Saved data entries:
- - -

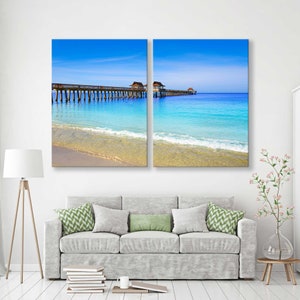 May include: A split canvas print of a wooden pier extending into a turquoise ocean with a sandy beach in the foreground. The sky is a bright blue with white clouds.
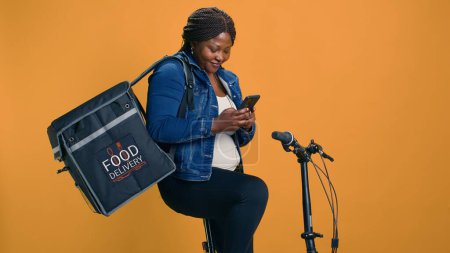 Photo for African american courier carrying packages from local restaurants on bike as eco-friendly transportation. Woman with smartphone ensures efficient deliveries while reducing environmental impact. - Royalty Free Image
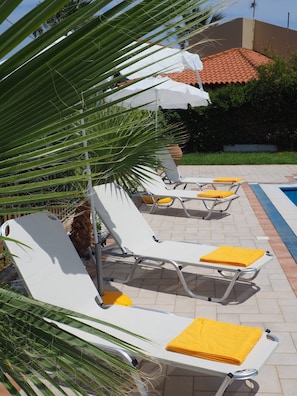 Sun loungers at side of pool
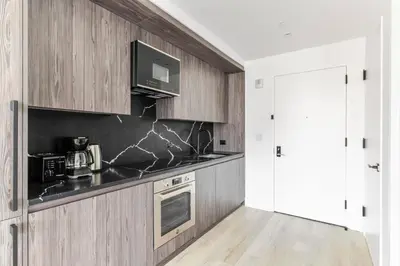 a kitchen with wooden cabinets and a black counter top at Blueground Alphabet City rooftop nr Tompkins Square Park NYC-2057 in New York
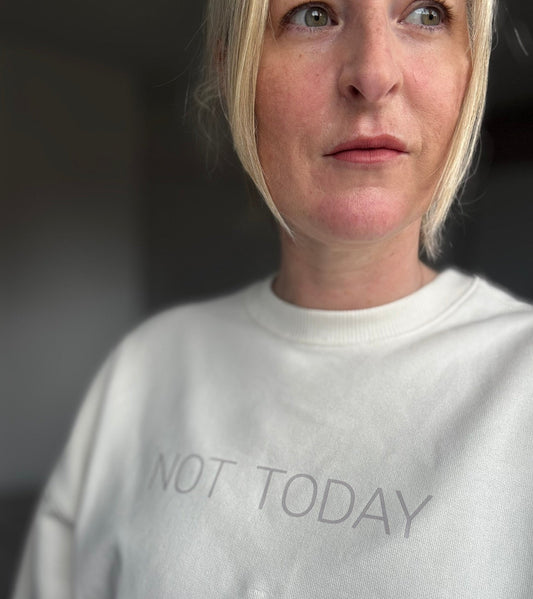 Person wearing a cream this is mabel oversized  sweatshirt with 'NOT TODAY' text.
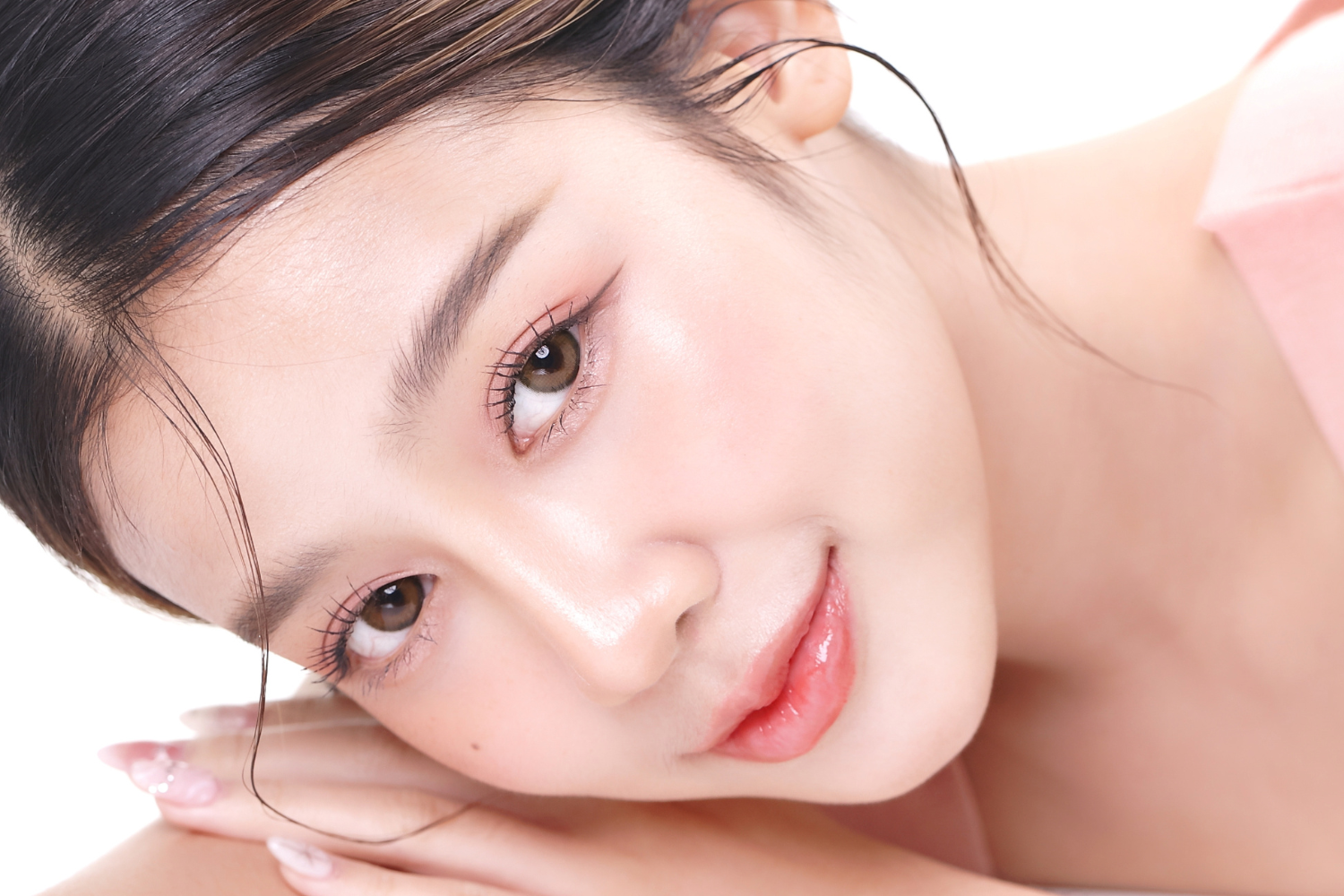 Woman with smooth, glowing Korean glass skin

- - -

▶ **The problem**
Print every entry verbatim and leave all pictures out.

▶ **Answer**
 May include: A split canvas print of a wooden pier extending into a turquoise ocean with a sandy beach in the foreground. The sky is a bright blue with white clouds.
 Photo for African american courier carrying packages from local restaurants on bike as eco-friendly transportation. Woman with smartphone ensures efficient deliveries while reducing environmental impact. - Royalty Free Image
 Sun loungers at side of pool
 a kitchen with wooden cabinets and a black counter top at Blueground Alphabet City rooftop nr Tompkins Square Park NYC-2057 in New York
 Person wearing a cream this is mabel oversized  sweatshirt with 'NOT TODAY' text.
 Woman with smooth, glowing Korean glass skin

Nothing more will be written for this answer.